The following example uses data from Figure 3 to show how the factors are generated:
Northeast
Cell A: 15.6% ÷ 15.9% = 0.981 adjustment factor
Cell B: 15.6% ÷ 15.4% = 1.013 adjustment factor
The data processing department then incorporates the adjustment factors into a “best fit” algorithm, which identifies the ideal factor for each respondent which will meet the balancing requirements, while minimizing the amount of weighting required.
Step 5: Double-checking
As with any procedure where there are multiple steps, mistakes can happen anywhere along the way. It always makes sense to look for red flags that signal that something has gone wrong during the sample-balancing process.

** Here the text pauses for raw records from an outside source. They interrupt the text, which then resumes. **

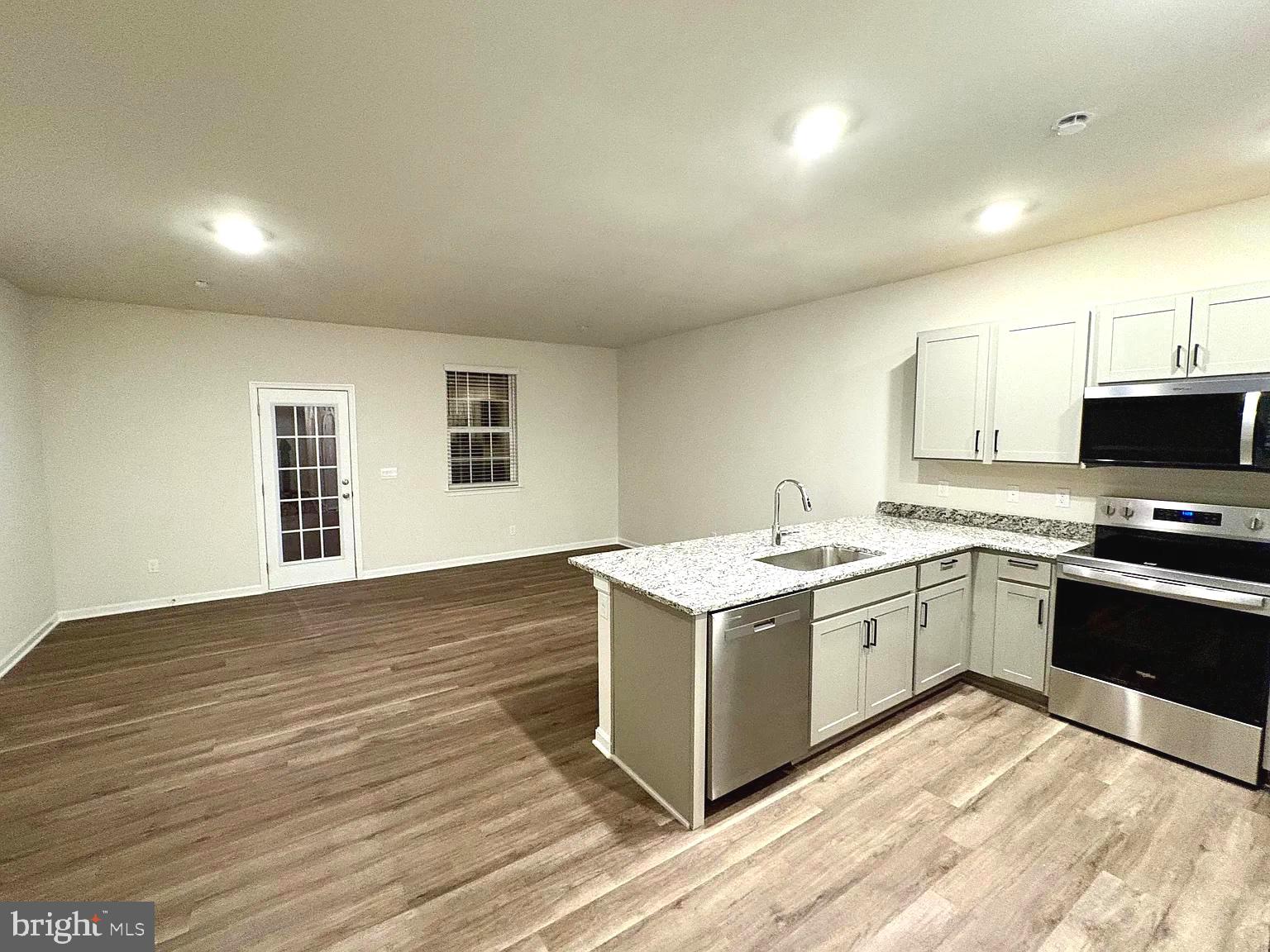 155 Rae Court Luray, VA 22835 - Photo 23 of 23 a kitchen with a stove and a sink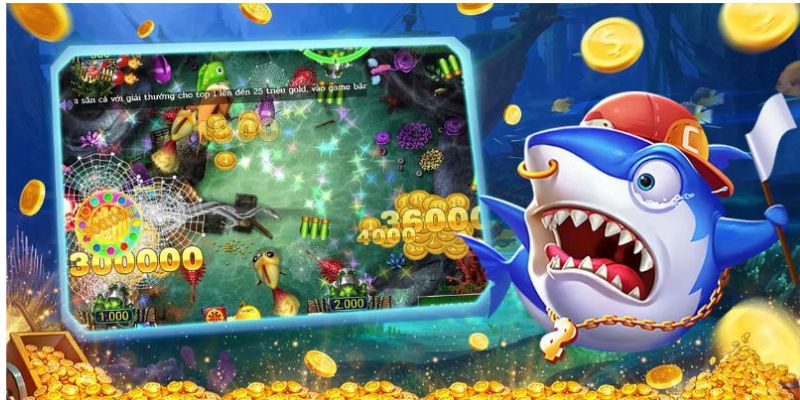 Khám Phá Tựa Game Bắn Cá Đổi Thưởng Df999 Siêu Hot 2025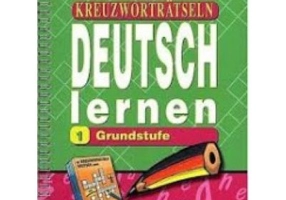 Mit Kreuzworträtseln Deutsch lernen. Photocopiables, volume 1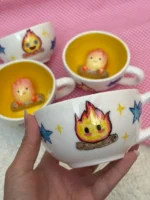 ماگ سوپرایزی کالسیفر - Image 2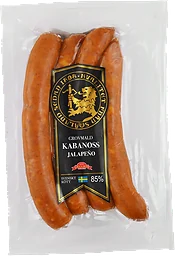 Kabanoss Jalapeno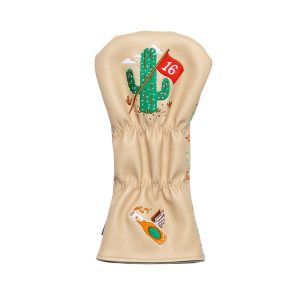 Breakfast Balls® "Par-Tee Time!" – Driver Cover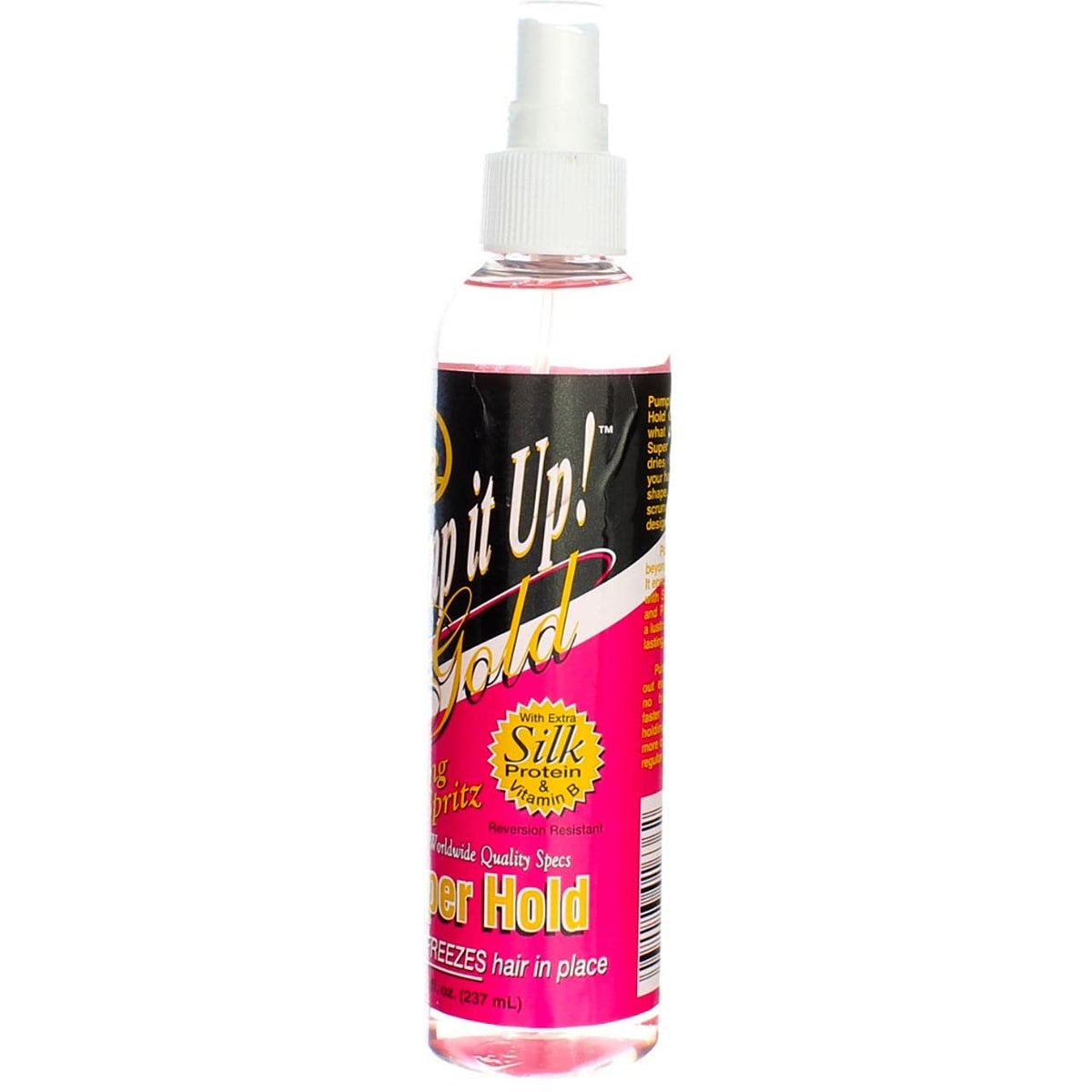 Super Hold Spritz 8 oz (Pack of 5) M524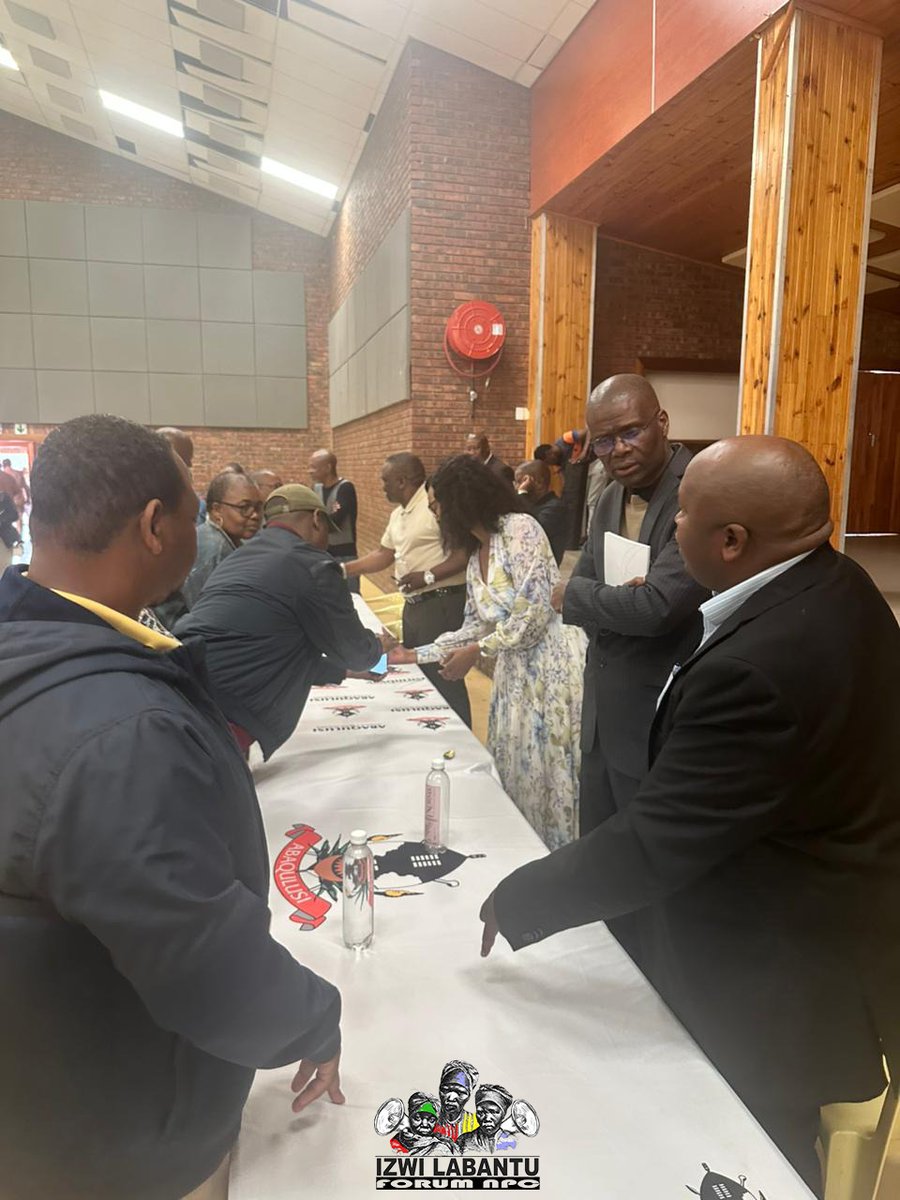 STAKEHOLDERS UNITE TO ADDRESS COMMERCIAL FARMERS' CHALLENGES IN KWAZULU-NATAL

A crucial meeting was held between the DP's Office, Izwi Labantu Forum (ILF), AbaQulusi, and Zululand Municipalities, and KZN commercial farmers to discuss and address the pressing issues affecting the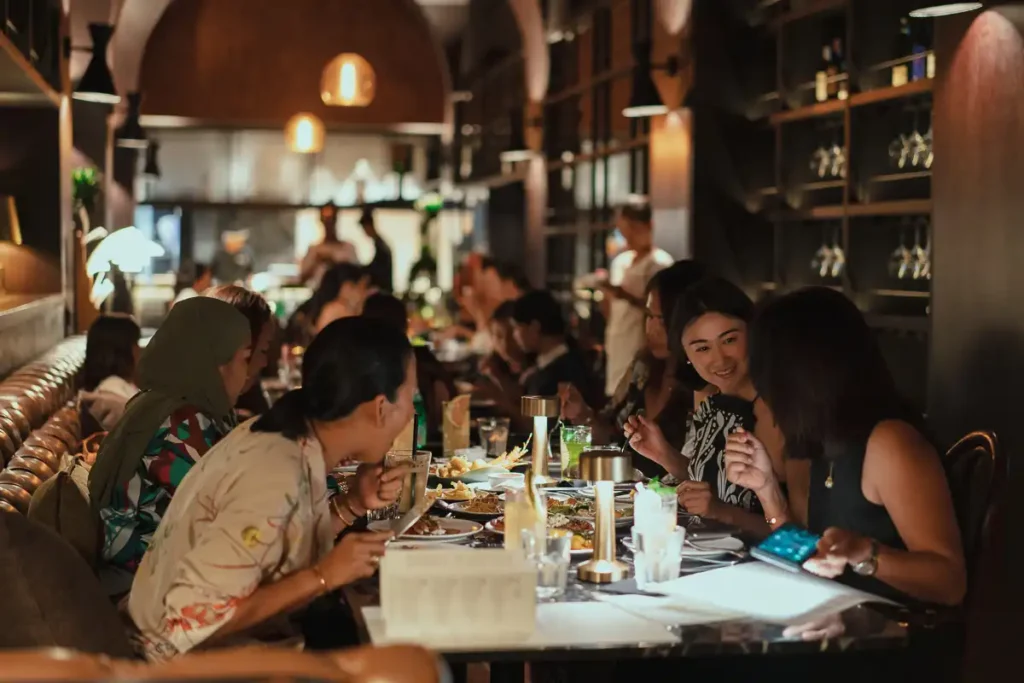 Photo from NOM NOM Vol.13: Terra Verte at Buzo, Seminyak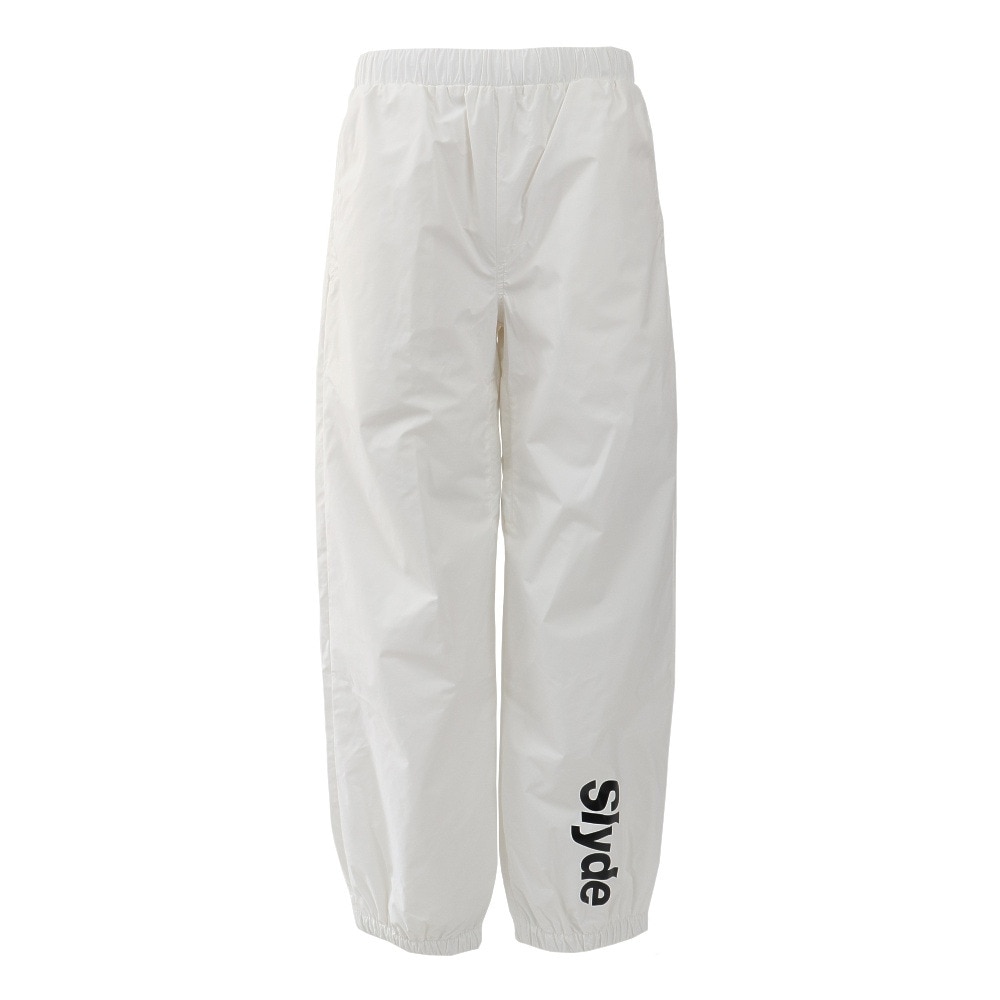 スライド（SLYDE）（メンズ）スノーボード ボードウェア パンツ RIDE パンツ sl2021snow004 WHT ホワイト
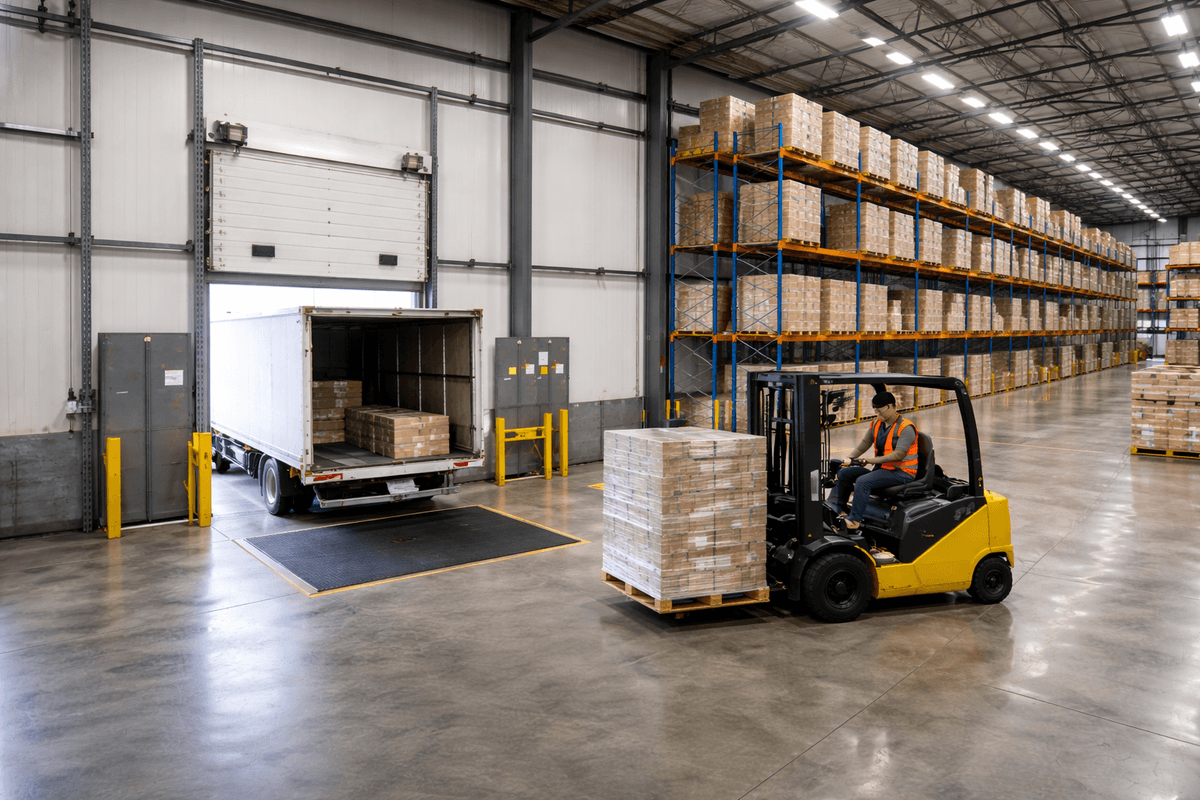 Nave industrial en alquiler Plan de la Laguna 7500 m² - foto 2
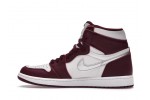 (Free Shipping)Jordan 1 Retro High OG Bordeaux 555088-611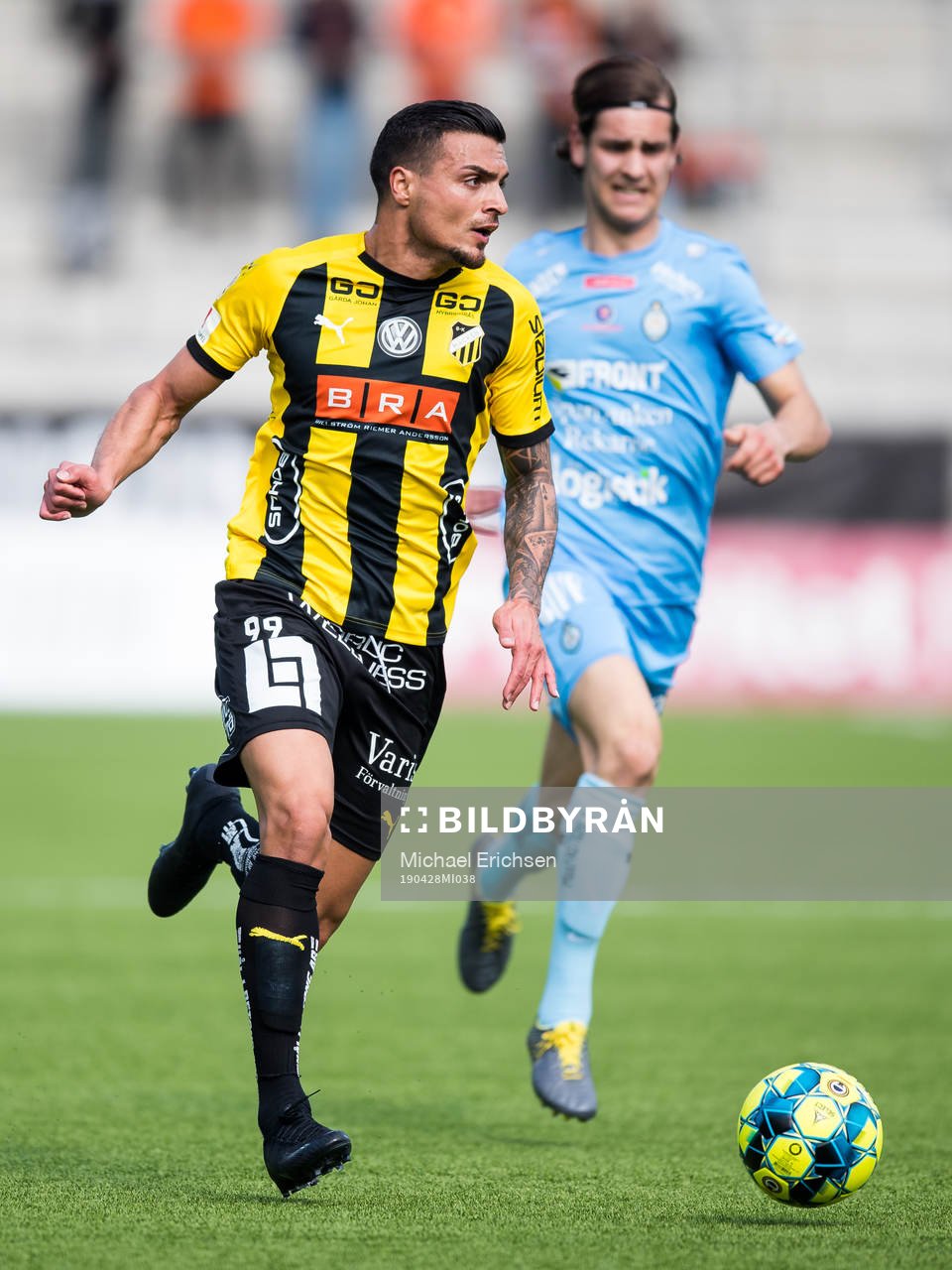 Häckens Ahmed Yasin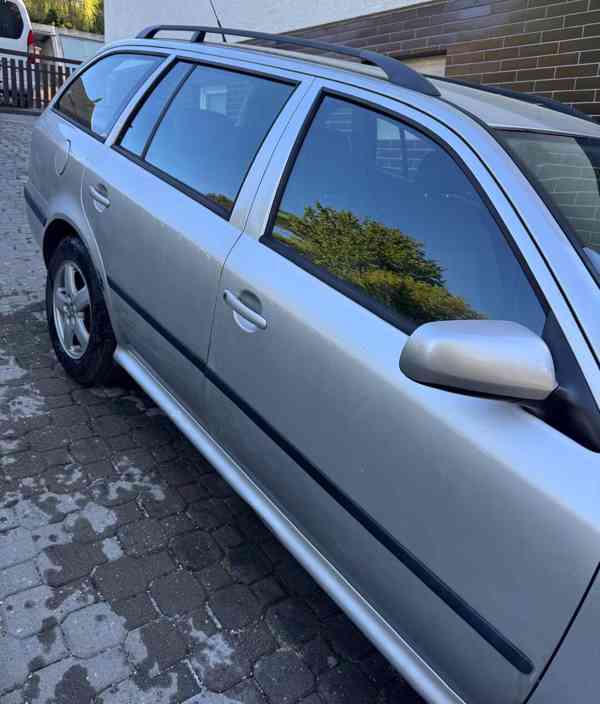 Škoda Octavia Kombi I. - foto 4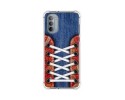 Funda Silicona Antigolpes para Motorola Moto G31 diseño Zapatillas 11 Dibujos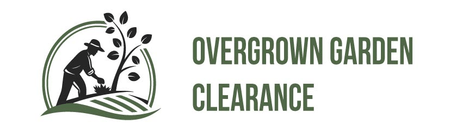 Overgrown Garden Clearance Logo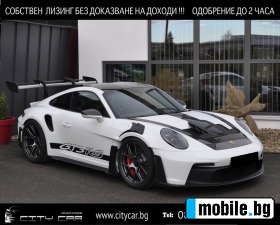     Porsche 911 992/ GT3 RS/ WEISSACH/ LIFT/ CARBON/ SPORT CHRONO/ ~ 338 980 EUR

While any of the percentages in any given cell may shift up or down due to the applied weights, the percentages in the Total Concepts column should not change as they represent the target percentages (Figure 4). Therefore, we should check the percentages pre- and post-sample balancing to make sure they do not differ. In fact, the pre- and post-percentages should be nearly identical. Variances of more than 0.2 percent between the two suggest there is an error.
An important step
The steps provided in this article paint a fairly broad framework on how to conduct sample balancing. The actual process is more nuanced and, as mentioned earlier, beyond the scope of what we can realistically offer here. The key takeaways are 1) that sample balancing is an important step when comparing results when stimuli are being tested and compared across independent (monadic) samples, and 2) that whoever you use to employ the sample-balancing procedure should have the knowledge and experience to implement it correctly.